Finding the inverse tangent of a complex number

[bsaucer]

TL;DR Summary

Inverse Tangent of complex number in rectangular form.

Let z=x+iy, and w=u+iv. I am looking for a formula to find the arctangent of z, or w=arctan(z). I want the results of u and v to be in terms of trigonometric and hyperbolic functions (and their inverses) and not in terms of logarithms.
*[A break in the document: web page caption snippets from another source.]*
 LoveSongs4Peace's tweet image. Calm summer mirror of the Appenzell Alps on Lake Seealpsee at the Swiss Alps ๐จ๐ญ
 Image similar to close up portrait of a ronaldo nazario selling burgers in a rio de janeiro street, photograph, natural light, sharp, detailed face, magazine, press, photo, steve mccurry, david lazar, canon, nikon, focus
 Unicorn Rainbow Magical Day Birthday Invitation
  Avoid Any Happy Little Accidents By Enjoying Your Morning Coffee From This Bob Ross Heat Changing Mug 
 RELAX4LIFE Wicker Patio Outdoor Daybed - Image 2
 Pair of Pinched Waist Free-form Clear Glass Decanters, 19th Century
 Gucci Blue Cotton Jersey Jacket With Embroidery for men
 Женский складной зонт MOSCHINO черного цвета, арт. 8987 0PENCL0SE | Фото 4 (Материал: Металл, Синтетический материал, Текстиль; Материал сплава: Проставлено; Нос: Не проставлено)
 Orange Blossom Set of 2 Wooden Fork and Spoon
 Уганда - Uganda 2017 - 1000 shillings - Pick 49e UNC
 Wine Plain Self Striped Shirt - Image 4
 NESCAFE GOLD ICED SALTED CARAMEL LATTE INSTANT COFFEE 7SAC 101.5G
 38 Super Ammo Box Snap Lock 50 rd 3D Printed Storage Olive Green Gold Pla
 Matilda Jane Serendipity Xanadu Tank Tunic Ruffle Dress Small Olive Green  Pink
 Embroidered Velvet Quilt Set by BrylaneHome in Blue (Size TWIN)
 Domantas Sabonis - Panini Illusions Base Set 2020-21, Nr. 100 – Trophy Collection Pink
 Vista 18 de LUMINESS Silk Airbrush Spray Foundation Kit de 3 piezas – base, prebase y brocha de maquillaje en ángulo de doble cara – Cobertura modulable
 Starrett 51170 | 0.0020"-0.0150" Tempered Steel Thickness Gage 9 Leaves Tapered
The values u and v should be functions of x and y.

 

[anuttarasammyak]

The formula
$$\tan^{-1}z=\frac{i}{2}\log\frac{i+z}{i-z}$$
seems useful to me but you do not like logarithm.　

 

[pasmith]

If you can get as far as $$e^{2iz} = \frac{w + 1}{w - 1}$$ then $$\begin{split} \cos 2z &= \frac{w^2 + 1}{w^2 - 1} \\ \sin 2z &= \frac{2w}{w^2 - 1}\end{split}$$ so the problem is reduced to solving $$\begin{split}\cos (2x + 2iy) &= A \\ \sin (2x + 2iy) &= B\end{split}$$ for $x$ and $y$. The left hand sides can be expanded using the angle sum formulae and the identities $$\cos 2iy = \cosh 2y, \qquad \sin 2iy = i\sinh 2y.$$ By taking ratios of real and imaginary parts we end up with $$\begin{split} \tan 2x \tanh 2y &= - \frac{ \operatorname{Im} A}{\operatorname{Re} A} \\ \tan 2x \coth 2y &= \frac{ \operatorname{Re} B}{\operatorname{Im} B}\end{split}$$ whence $$\begin{split} \tan^2 2x = -\frac{ \operatorname{Im} A \operatorname{Re} B}{ \operatorname{Re} A \operatorname{Im} B} \\ \tanh^2 2y = -\frac{ \operatorname{Im} A \operatorname{Im} B}{ \operatorname{Re} A \operatorname{Re} B}.\end{split}$$